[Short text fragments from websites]
++++++++++

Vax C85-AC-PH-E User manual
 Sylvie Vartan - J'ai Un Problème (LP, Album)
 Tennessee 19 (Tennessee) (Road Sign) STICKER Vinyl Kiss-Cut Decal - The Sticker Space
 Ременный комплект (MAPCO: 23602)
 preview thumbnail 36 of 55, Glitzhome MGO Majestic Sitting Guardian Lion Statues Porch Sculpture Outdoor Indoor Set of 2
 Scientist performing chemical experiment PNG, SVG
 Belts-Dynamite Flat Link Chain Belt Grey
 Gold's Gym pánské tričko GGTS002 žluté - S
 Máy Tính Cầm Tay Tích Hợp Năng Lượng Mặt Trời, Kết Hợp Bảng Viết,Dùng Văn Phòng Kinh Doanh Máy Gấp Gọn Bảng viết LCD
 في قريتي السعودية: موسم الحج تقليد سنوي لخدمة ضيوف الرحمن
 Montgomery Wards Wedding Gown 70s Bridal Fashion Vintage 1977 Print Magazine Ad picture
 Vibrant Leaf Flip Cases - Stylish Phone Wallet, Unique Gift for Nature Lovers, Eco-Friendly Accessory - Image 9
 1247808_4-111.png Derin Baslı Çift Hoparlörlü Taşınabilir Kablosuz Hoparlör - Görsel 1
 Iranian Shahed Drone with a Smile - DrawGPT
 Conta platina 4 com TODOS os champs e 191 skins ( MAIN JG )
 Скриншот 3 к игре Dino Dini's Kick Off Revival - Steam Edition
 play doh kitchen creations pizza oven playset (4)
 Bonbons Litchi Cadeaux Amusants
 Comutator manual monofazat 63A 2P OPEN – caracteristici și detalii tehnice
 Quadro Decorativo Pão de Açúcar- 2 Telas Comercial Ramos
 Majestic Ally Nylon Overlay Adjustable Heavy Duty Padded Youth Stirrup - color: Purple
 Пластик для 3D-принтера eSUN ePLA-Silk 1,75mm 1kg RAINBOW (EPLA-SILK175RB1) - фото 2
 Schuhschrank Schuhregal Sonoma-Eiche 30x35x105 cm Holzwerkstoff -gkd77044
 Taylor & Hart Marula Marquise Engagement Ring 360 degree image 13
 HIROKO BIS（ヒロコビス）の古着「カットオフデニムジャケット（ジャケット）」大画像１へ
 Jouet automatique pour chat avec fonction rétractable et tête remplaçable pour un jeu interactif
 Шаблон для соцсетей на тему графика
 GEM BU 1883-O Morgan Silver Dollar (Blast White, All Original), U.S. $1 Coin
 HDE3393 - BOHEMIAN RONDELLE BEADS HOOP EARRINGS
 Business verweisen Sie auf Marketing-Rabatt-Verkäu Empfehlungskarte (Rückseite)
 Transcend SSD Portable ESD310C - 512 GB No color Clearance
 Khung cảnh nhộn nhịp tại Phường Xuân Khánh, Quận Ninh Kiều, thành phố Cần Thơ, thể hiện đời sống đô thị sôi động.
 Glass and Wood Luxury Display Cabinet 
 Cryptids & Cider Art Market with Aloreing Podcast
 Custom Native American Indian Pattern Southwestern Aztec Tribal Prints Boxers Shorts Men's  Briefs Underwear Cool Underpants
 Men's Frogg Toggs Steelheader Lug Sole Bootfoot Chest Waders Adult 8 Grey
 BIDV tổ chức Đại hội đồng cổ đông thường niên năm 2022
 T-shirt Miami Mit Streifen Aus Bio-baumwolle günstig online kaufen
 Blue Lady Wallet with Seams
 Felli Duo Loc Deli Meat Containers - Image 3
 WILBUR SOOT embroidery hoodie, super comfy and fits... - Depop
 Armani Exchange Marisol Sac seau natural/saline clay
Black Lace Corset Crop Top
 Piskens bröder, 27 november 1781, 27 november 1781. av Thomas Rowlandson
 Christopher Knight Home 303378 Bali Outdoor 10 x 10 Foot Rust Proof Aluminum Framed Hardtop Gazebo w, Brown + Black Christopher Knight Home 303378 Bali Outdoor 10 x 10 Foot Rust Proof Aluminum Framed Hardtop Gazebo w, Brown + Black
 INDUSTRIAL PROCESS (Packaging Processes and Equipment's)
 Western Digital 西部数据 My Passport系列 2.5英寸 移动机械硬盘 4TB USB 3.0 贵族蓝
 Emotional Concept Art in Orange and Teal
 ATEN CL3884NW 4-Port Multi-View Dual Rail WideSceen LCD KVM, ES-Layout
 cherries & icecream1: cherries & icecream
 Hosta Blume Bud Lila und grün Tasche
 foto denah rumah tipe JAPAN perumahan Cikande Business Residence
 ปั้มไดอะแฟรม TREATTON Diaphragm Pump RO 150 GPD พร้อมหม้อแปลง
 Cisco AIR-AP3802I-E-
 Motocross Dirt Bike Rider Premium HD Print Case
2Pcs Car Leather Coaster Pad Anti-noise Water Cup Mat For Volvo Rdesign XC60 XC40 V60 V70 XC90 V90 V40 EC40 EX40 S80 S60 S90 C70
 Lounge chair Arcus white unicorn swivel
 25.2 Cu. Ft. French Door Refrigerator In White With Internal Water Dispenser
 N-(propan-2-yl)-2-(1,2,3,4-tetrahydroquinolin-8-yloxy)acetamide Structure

++++++++++

### Exercise
What you return should be exactly the lines above, starting at the one with "Bonbons Litchi Cadeaux Amusants" and ending at the one with "Emotional Concept Art in Orange and Teal", and nothing else.

### Exercise solution
 Bonbons Litchi Cadeaux Amusants
 Comutator manual monofazat 63A 2P OPEN – caracteristici și detalii tehnice
 Quadro Decorativo Pão de Açúcar- 2 Telas Comercial Ramos
 Majestic Ally Nylon Overlay Adjustable Heavy Duty Padded Youth Stirrup - color: Purple
 Пластик для 3D-принтера eSUN ePLA-Silk 1,75mm 1kg RAINBOW (EPLA-SILK175RB1) - фото 2
 Schuhschrank Schuhregal Sonoma-Eiche 30x35x105 cm Holzwerkstoff -gkd77044
 Taylor & Hart Marula Marquise Engagement Ring 360 degree image 13
 HIROKO BIS（ヒロコビス）の古着「カットオフデニムジャケット（ジャケット）」大画像１へ
 Jouet automatique pour chat avec fonction rétractable et tête remplaçable pour un jeu interactif
 Шаблон для соцсетей на тему графика
 GEM BU 1883-O Morgan Silver Dollar (Blast White, All Original), U.S. $1 Coin
 HDE3393 - BOHEMIAN RONDELLE BEADS HOOP EARRINGS
 Business verweisen Sie auf Marketing-Rabatt-Verkäu Empfehlungskarte (Rückseite)
 Transcend SSD Portable ESD310C - 512 GB No color Clearance
 Khung cảnh nhộn nhịp tại Phường Xuân Khánh, Quận Ninh Kiều, thành phố Cần Thơ, thể hiện đời sống đô thị sôi động.
 Glass and Wood Luxury Display Cabinet 
 Cryptids & Cider Art Market with Aloreing Podcast
 Custom Native American Indian Pattern Southwestern Aztec Tribal Prints Boxers Shorts Men's  Briefs Underwear Cool Underpants
 Men's Frogg Toggs Steelheader Lug Sole Bootfoot Chest Waders Adult 8 Grey
 BIDV tổ chức Đại hội đồng cổ đông thường niên năm 2022
 T-shirt Miami Mit Streifen Aus Bio-baumwolle günstig online kaufen
 Blue Lady Wallet with Seams
 Felli Duo Loc Deli Meat Containers - Image 3
 WILBUR SOOT embroidery hoodie, super comfy and fits... - Depop
 Armani Exchange Marisol Sac seau natural/saline clay
Black Lace Corset Crop Top
 Piskens bröder, 27 november 1781, 27 november 1781. av Thomas Rowlandson
 Christopher Knight Home 303378 Bali Outdoor 10 x 10 Foot Rust Proof Aluminum Framed Hardtop Gazebo w, Brown + Black Christopher Knight Home 303378 Bali Outdoor 10 x 10 Foot Rust Proof Aluminum Framed Hardtop Gazebo w, Brown + Black
 INDUSTRIAL PROCESS (Packaging Processes and Equipment's)
 Western Digital 西部数据 My Passport系列 2.5英寸 移动机械硬盘 4TB USB 3.0 贵族蓝
 Emotional Concept Art in Orange and Teal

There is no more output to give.